I've seen some commercial grow houses growing vertically and the yields they get are crazy man!


----------



## Kind Sir (Feb 5, 2022)

I havnt seen any in person but definitely online, some looked great. It sure looked like they were some monsters, I was kinda wondering why I never saw any grow pics doing vertical. 

Are there more pros to horizontal growing rather than vertical, bc it seems like that’s what everyone does and many don’t have a ton of space you know 


Cynister said:


> I've seen some commercial grow houses growing vertically and the yields they get are crazy man!


----------



## ttystikk (Feb 5, 2022)

Kind Sir said:


> I havnt seen any in person but definitely online, some looked great. It sure looked like they were some monsters, I was kinda wondering why I never saw any grow pics doing vertical.
> 
> Are there more pros to horizontal growing rather than vertical, bc it seems like that’s what everyone does and many don’t have a ton of space you know


People do what they know and they're gonna grow the way they're comfortable with. You can do SOG vertically, it takes the right equipment.

A lot of folks just do a low rise grow and then put another tray over the first, etc, so you end up with stacked trays.

There's a lot of ways to do it. I specialised in vertical plane ScrOG because of a combination of yields per square foot and relative ease of access.


----------



## Kind Sir (Feb 5, 2022)

I see why people do what they know, I’m lost with what you’re saying. My situation just changed and don’t NEED to do very anymore but i’m intrigued by it. I’ve been doing notill in a 4x4 with a nice LED. I’d definitely learn vertical growing if the yield/time ratio was worth it! 

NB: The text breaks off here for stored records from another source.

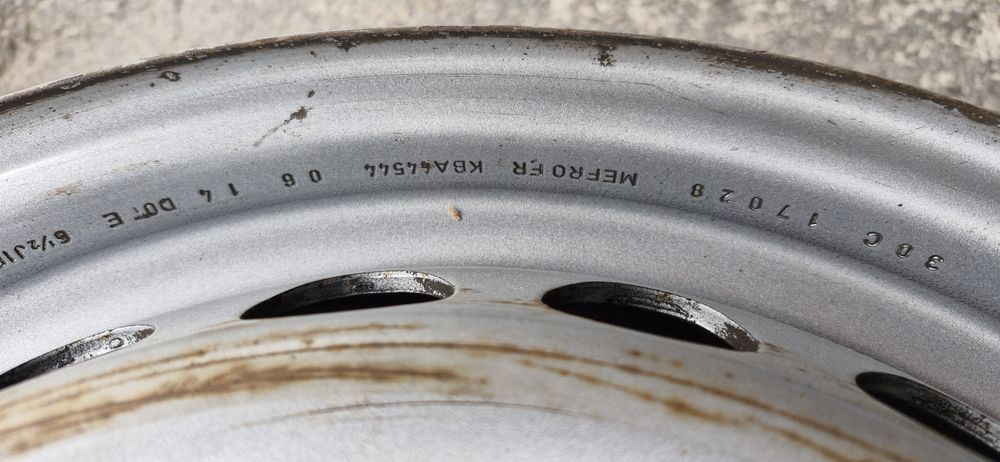 4 Jantes R16 Mercedes Sprinter 313CDI 3.5T (W906). 6.5Jx16H2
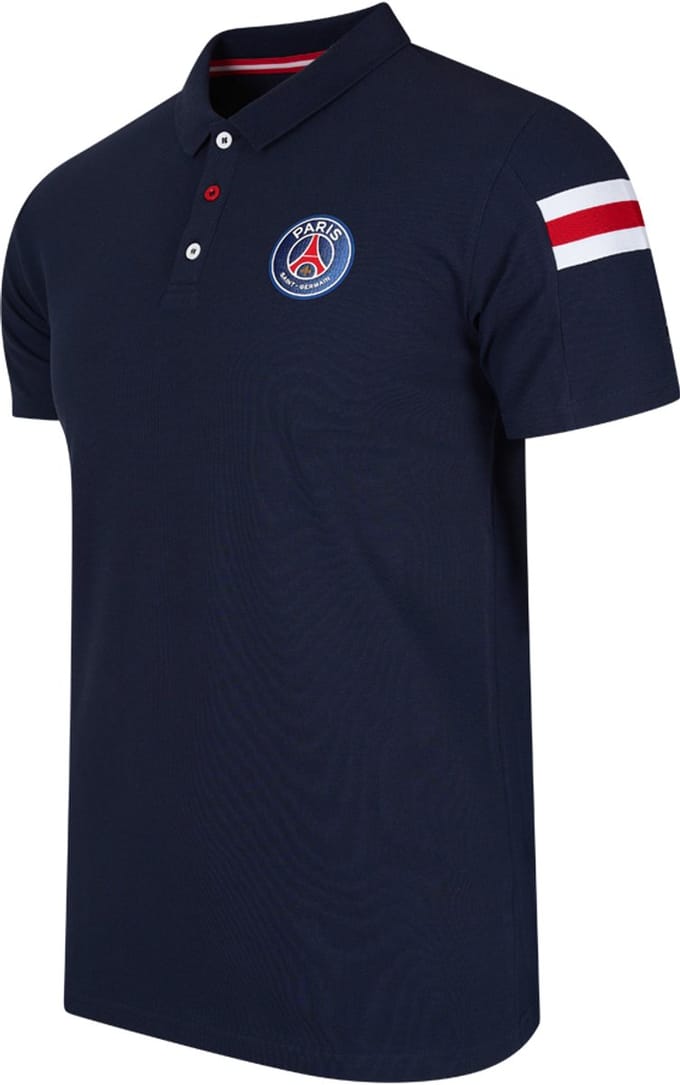 PSG poloshirt voor volwassenen - maat M - blauw - Paris Saint-Germain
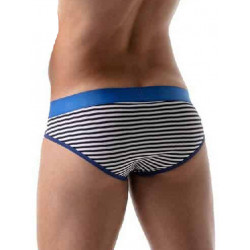 ToF Paris Stripes Push-Up Brief Underwear Navy Blue/White (T8189)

I guess I wouldn’t be using my 4x4 anymore though 



ttystikk said:


> People do what they know and they're gonna grow the way they're comfortable with. You can do SOG vertically, it takes the right equipment.
> 
> A lot of folks just do a low rise grow and then put another tray over the first, etc, so you end up with stacked trays.
> 
> There's a lot of ways to do it. I specialised in vertical plane ScrOG because of a combination of yields per square foot and relative ease of access.


----------



## ttystikk (Feb 6, 2022)

Kind Sir said:


> I see why people do what they know, I’m lost with what you’re saying. My situation just changed and don’t NEED to do very anymore but i’m intrigued by it. I’ve been doing notill in a 4x4 with a nice LED. I’d definitely learn vertical growing if the yield/time ratio was worth it!
> 
> I guess I wouldn’t be using my 4x4 anymore though


Where did I lose you?


----------



## OneHitDone (Feb 6, 2022)

Kind Sir said:


> I see why people do what they know, I’m lost with what you’re saying. My situation just changed and don’t NEED to do very anymore but i’m intrigued by it. I’ve been doing notill in a 4x4 with a nice LED. I’d definitely learn vertical growing if the yield/time ratio was worth it!
> 
> I guess I wouldn’t be using my 4x4 anymore though


The finished flower quality from a vertical scrog is inferior to horizontal. Think about it - the plants are grivtropic and your hitting the flowers from 1 side with light.
If you were to do a vert grow look at the octagon multi-tier setups with high plant count. Basically drop in clones and flip to bloom.
I also have a journal here in the vertical section if you wanna check out my vert run 






⚠︎ Brother OneHitDone Gone VERTICAL ⇪


I guess it's time to introduce myself over here in the Vertical Growing section of the forum. Typically I have been lurking around in the "LED and Other" section of the site but I have decided to give some vertical growing a try. I am always keeping my eye on the other lighting techs but for...



www.rollitup.org


----------



## OneHitDone (Feb 6, 2022)

Kind Sir said:


> I feel like a child having to ask this. Long story short I’ve grown in a basement but have to temporarily move. Moving into a house that i’m renting from family, 1 floor/no basement. They may want to casually see what i’ve done with my place, and will be coming over occasionally.
> I’ve been using a 4x4 bed but i’d need a 5x5 tent, and i’m open tj suggestions on how to hide a tent that big, I was thinking maby vertical growing may work better?
> 
> I have an HLG Scorpion R Spec, and it says it’s vert growing compatible. Thoughts on this?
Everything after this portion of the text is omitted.